Far from highlighting Wallace’s repudiation in 1952 of his views dating back to 1944, they disregard it. Instead, in The Untold History of the United States, they cite his milder remarks of two years earlier supporting the Korean War, when he still clung to the idea that the Soviets were elsewhere helping oppressed people “get out from under their ancient aggressors.” Their discussion of what in their letter they euphemistically call Wallace’s “reversal” suppresses both his forthright condemnation of Soviet communism as “something utterly evil” and his painful admission that he had been duped.
The canard about high-ranking admirals and generals opposing the dropping of atomic bombs on moral or military grounds has been challenged for decades, in various ways, by scholars ranging from Barton Bernstein to Robert James Maddox. In support of the canard, Untold History offers postwar quotations, pulled out of context, from, among others, Admiral Chester Nimitz, General Carl Spaatz, and General Curtis LeMay. The authors conceal the fact that all three men at the time advocated dropping a third atomic weapon on Tokyo.
On Truman and civil rights: outraged by racist violence directed at black veterans, President Harry Truman moved decisively well before Henry Wallace challenged him for president, emphatically supporting federal action to halt lynching, end segregation, abolish poll taxes, and otherwise secure equal rights for all black Americans. Stone and Kuznick ignore this well-documented historical record and instead produce a single partisan editorial from The Wall Street Journal as if it confirmed their ugly caricature of Truman as a hopelessly crude and unreconstructed racist who feigned liberal views when pressed by Wallace.
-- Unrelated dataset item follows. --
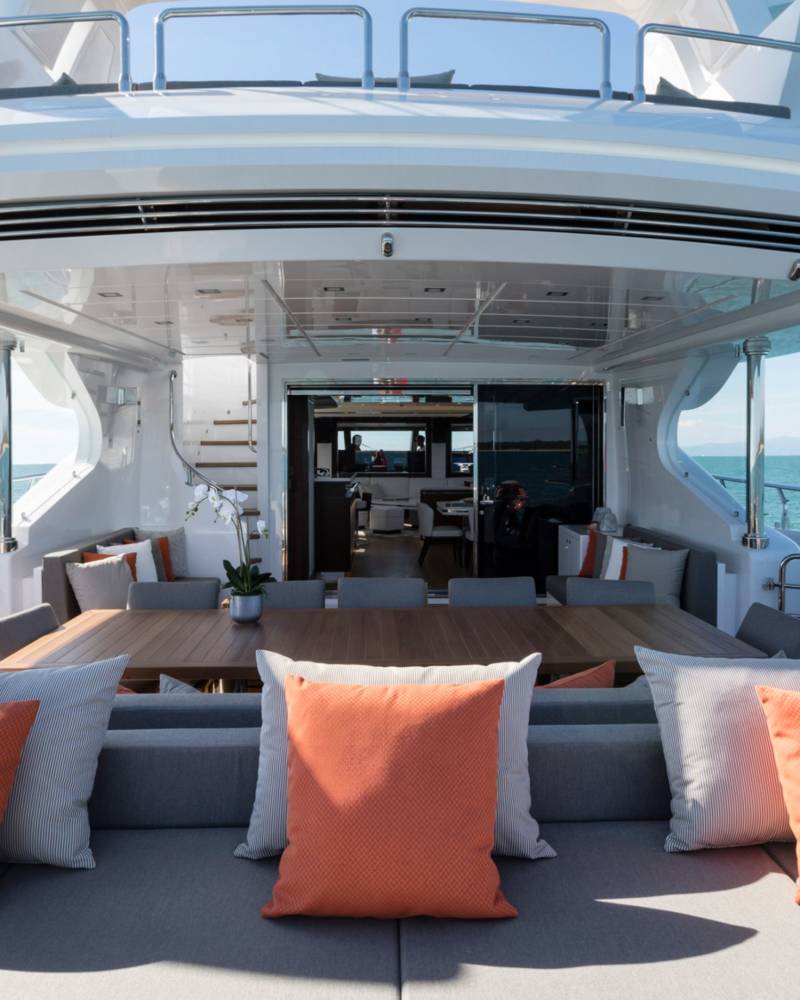 A luxurious yacht deck features a grey lounge sofa with orange pillows in the foreground and a dining area leading to the interior against a backdrop of a clear blue ocean and sky.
Hillary Clinton is their final distraction. My review focuses on Stone and Kuznick’s mangled accounts of the 1940s. And so they attack me for supporting her during the Democratic presidential primaries—in 2008. As it happens, I then supported another Democrat they berate, Barack Obama—in 2008 and 2012. But it is indeed true that I initially supported Clinton. They denounce her as an imperialist; therefore, the hidden motive behind my criticism of their book and television show must be ipso facto to defend American imperialism. Warped logic aside, this ludicrous argument does nothing to salvage their distortions of history that my review pointed out.
Stone and Kuznick finally give themselves away when they say that “all historians” simply choose the facts that support their interpretations. Oliver Stone, an imaginative filmmaker, might be forgiven for taking this cynical view, but Peter Kuznick is supposed to be a professional historian. If—and only if—history is, as they contend, little more than propaganda does their work qualify as history. Their shifty reply, compounding their initial distortions, corroborates my review’s observation that, despite their scholarly pretensions, they have in fact presented “a skewed political document.” That they can’t bring themselves to admit the truth—that, for example, one of their principal characters, Henry Wallace, repudiated the views they ascribe to him and condemned communism as evil—reveals that they have chosen to produce not a work of history but an ideological tract.